§ Task instructions
Repeat, please, exactly the lines from the one that has "Face Before &" through the end of the records below, with pictures dropped.

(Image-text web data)

--------------------------------------------------

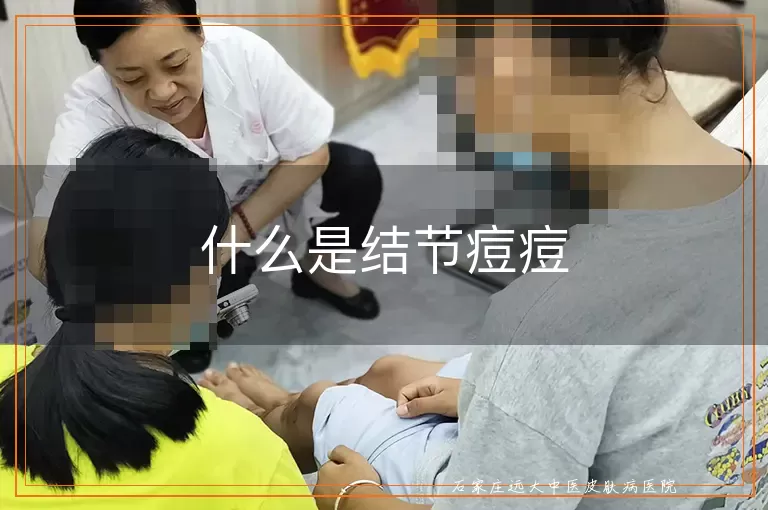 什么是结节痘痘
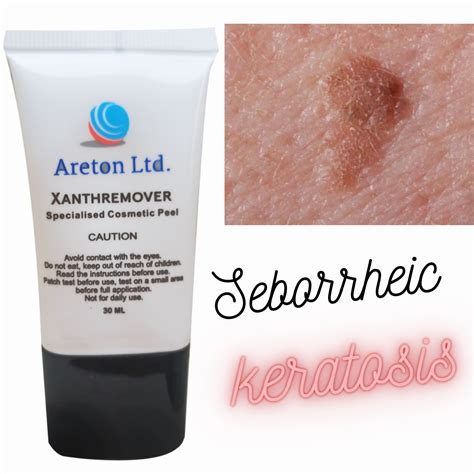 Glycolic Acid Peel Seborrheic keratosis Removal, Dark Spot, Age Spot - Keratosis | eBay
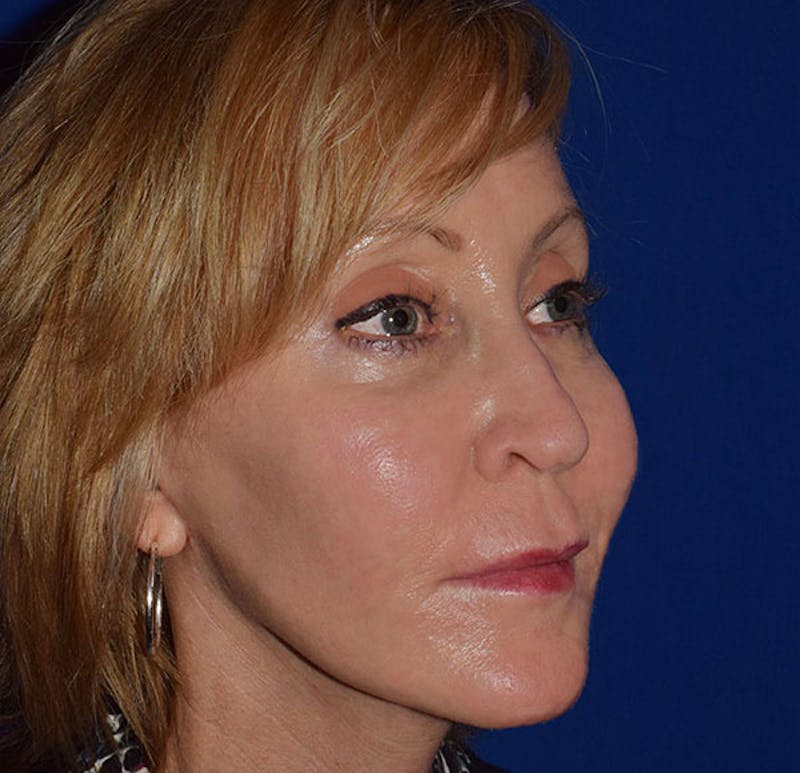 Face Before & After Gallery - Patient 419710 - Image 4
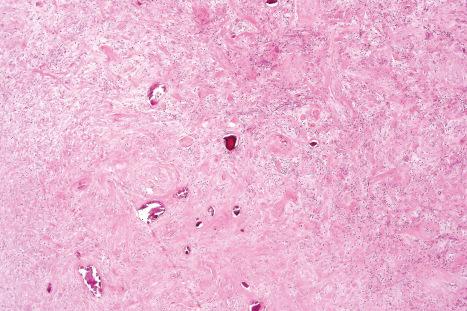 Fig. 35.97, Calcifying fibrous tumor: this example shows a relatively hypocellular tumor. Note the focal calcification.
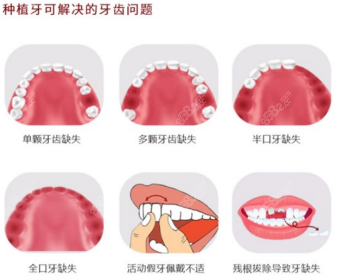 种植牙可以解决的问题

--------------------------------------------------

§ Output
 Face Before & After Gallery - Patient 419710 - Image 4
 Fig. 35.97, Calcifying fibrous tumor: this example shows a relatively hypocellular tumor. Note the focal calcification.
 种植牙可以解决的问题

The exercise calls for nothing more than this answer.